I use W and X since I assigned each edge a letter, including my buffer. My reasoning was that although W and X are hard to make words or images for, I'd rather be able to make a smooth transition to a different method and change my buffer without renaming the pieces.


----------



## Forte (Apr 26, 2010)

riffz said:


> LewisJ said:
> 
> 
> > Forte said:
> ...



Well, I use W and X  (I put U and V on FD lol, I didn't know that I wouldn't need to use them)
But I mean, it's not that hard to come up with a workaround >_>
Use your imagination lol, I probably just assigned Y and Z to W and X as well, no big deal


----------



## xXzaKerXx (Apr 26, 2010)

I did it this way: First 3OP, but then I found edge permutatition difficult for me, then stopped for a while due to exams, then started over with Old Pochmann once exams were over. Still not being able to get a successful BLD solve, I switched over to M2 and got one, finally after 8 months since my 1st try.


----------



## cmhardw (Apr 26, 2010)

I learned to BLD solve by coming up with my own method after reading a brief explanation by Richard Carr at the time. It took me about a week to go from first interest in BLD to coming up with a workable method to first success. I switched to the cycles method after the 2003 WC, and to more standard methods.

If you just want to solve BLD then read Macky's cycle description. Using only that and one alg to cycle 3 edges, one alg to cycle 3 corners, one alg to flip 2 edges, and one alg to rotate 2 corners you can solve BLD. You can work up to the other, more advanced, methods later. Using a simplistic method such as this you could be solving BLD before you go to bed tonight.

Chris


----------



## Stefan (Apr 26, 2010)

aronpm said:


> R2 is very slow



How slow?


----------



## Toquinha1977 (Apr 26, 2010)

Thanks for the great responses...Eric Limeback's tutorial sounds the most appealing, so I'm going to try that this week when time permits.
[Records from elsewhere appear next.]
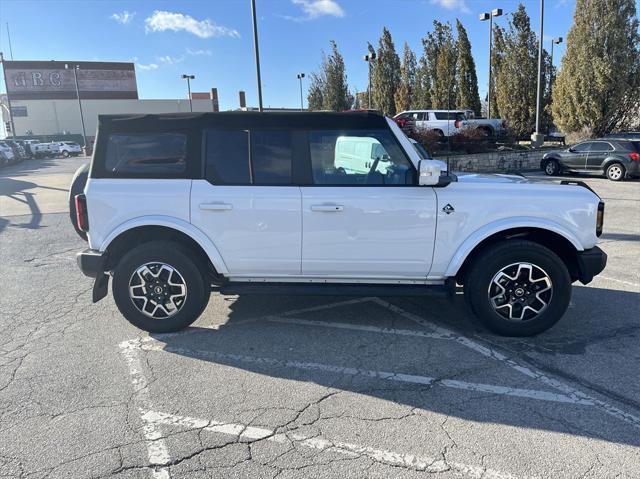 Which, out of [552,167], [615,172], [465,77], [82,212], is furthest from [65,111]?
[82,212]

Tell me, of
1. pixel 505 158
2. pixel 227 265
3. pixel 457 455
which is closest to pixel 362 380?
pixel 457 455

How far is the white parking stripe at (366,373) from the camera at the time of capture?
326cm

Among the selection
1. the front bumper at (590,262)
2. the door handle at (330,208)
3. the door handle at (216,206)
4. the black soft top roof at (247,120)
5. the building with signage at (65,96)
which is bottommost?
the front bumper at (590,262)

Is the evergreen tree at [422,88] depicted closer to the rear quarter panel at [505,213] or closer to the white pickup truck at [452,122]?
the white pickup truck at [452,122]

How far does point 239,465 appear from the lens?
2.61 m

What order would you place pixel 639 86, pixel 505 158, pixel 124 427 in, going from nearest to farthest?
1. pixel 124 427
2. pixel 505 158
3. pixel 639 86

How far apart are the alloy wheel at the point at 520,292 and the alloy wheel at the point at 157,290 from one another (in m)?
2.71

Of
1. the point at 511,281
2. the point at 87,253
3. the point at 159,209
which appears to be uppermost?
the point at 159,209

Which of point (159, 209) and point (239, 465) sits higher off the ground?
point (159, 209)

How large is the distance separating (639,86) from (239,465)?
81.6ft

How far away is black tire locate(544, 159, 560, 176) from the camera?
17.0 meters

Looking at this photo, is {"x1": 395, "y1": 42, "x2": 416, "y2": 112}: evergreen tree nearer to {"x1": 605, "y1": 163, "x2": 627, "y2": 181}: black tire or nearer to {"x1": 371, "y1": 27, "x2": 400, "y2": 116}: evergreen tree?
{"x1": 371, "y1": 27, "x2": 400, "y2": 116}: evergreen tree

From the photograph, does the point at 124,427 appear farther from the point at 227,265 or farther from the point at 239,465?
the point at 227,265

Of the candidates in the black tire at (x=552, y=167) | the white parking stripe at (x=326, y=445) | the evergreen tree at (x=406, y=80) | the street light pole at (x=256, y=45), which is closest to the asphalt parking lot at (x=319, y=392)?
the white parking stripe at (x=326, y=445) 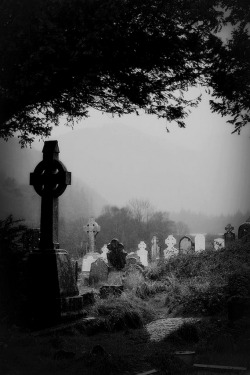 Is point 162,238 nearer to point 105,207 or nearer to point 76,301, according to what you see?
point 105,207

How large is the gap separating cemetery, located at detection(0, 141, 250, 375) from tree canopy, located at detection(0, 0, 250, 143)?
49.8 inches

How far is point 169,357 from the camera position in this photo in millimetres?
5059

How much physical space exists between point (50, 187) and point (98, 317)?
245 centimetres

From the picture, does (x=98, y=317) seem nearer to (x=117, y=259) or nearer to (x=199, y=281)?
(x=199, y=281)

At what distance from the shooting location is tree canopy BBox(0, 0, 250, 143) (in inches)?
278

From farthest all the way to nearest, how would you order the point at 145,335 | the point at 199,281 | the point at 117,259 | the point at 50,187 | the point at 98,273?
the point at 117,259 → the point at 98,273 → the point at 199,281 → the point at 50,187 → the point at 145,335

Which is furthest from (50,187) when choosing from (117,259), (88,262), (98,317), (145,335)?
(88,262)

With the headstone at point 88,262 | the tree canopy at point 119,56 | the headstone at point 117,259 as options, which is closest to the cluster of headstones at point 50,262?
the tree canopy at point 119,56

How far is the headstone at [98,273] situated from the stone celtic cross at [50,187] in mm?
5774

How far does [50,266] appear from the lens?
732 cm

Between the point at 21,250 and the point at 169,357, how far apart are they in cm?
258

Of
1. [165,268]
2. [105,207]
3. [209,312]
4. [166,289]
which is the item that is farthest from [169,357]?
[105,207]

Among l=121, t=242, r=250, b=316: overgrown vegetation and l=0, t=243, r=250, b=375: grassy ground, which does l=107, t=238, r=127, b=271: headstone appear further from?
l=0, t=243, r=250, b=375: grassy ground

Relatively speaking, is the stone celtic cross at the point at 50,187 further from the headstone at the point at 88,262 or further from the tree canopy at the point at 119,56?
the headstone at the point at 88,262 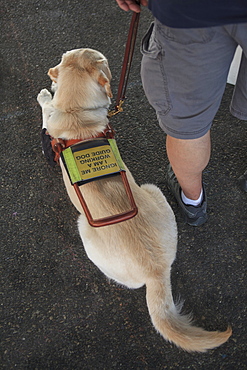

Regarding the "ivory tower"...it's mostly directed at intellectual elitist attitudes that don't do much for building community, but tend to come up whenever a question determined to be "stupid" comes up. This hasn't been the case here (and partly validated by responses from several veteran figures in the community, like Hardwick and Pochman). But, I'm here to learn BLD, or at least get started.


----------



## aronpm (Apr 26, 2010)

StefanPochmann said:


> aronpm said:
> 
> 
> > R2 is very slow
> ...





I used R2 for a while, but I found it too slow. Around half of the targets are in the R slice (so they have long algorithms). And about a third of the targets in the L slice have a long setup move. 

Sure, Old Pochmann uses more moves than R2. However, I think that because people use PLL a lot, they are much faster with those algorithms.

Learning R2 (just for the different algorithms) could be useful if you want to eventually use freestyle. However, I don't think you can be 'fast' and use only R2 corners.


----------



## riffz (Apr 26, 2010)

aronpm said:


> StefanPochmann said:
> 
> 
> > aronpm said:
> ...



I think R2 is definitely faster than Old Pochmann, but it isn't appealing to a lot of people due to the special cases on R. Sub 1 could definitely be achieved with M2/R2.


----------



## masterofthebass (Apr 26, 2010)

yea, chester is really good at teaching BLD concepts  He should really write up a tutorial because you can learn in a day using his approach. My approach for corner permutation is very simple to understand as well, which was all the impact I had on teaching mitchell.


----------



## Stefan (Apr 26, 2010)

Sighted (I'm bad with memory) R2 with on-the-fly recognition takes me about 20 seconds. Faster turners than me using recall rather than on-the-fly recognition would be faster, 10-15 seconds should be possible. That's "very slow"? What's slow, normal, fast and very fast?


----------



## Sakarie (Apr 26, 2010)

I don't know what a reasonable time is, but I think I did my first solve a week after I printed out Noorts tutorial. But I was on vacation and couldn't ask for help if I didn't understand, so it could have been faster.


----------



## Toquinha1977 (Apr 27, 2010)

Progress report: watched Eric Limeback's tutorials, part 1 and 2, have a basic understanding of how to handle corners, although will need to revise so I can handle special cases. Started Monday evening.


----------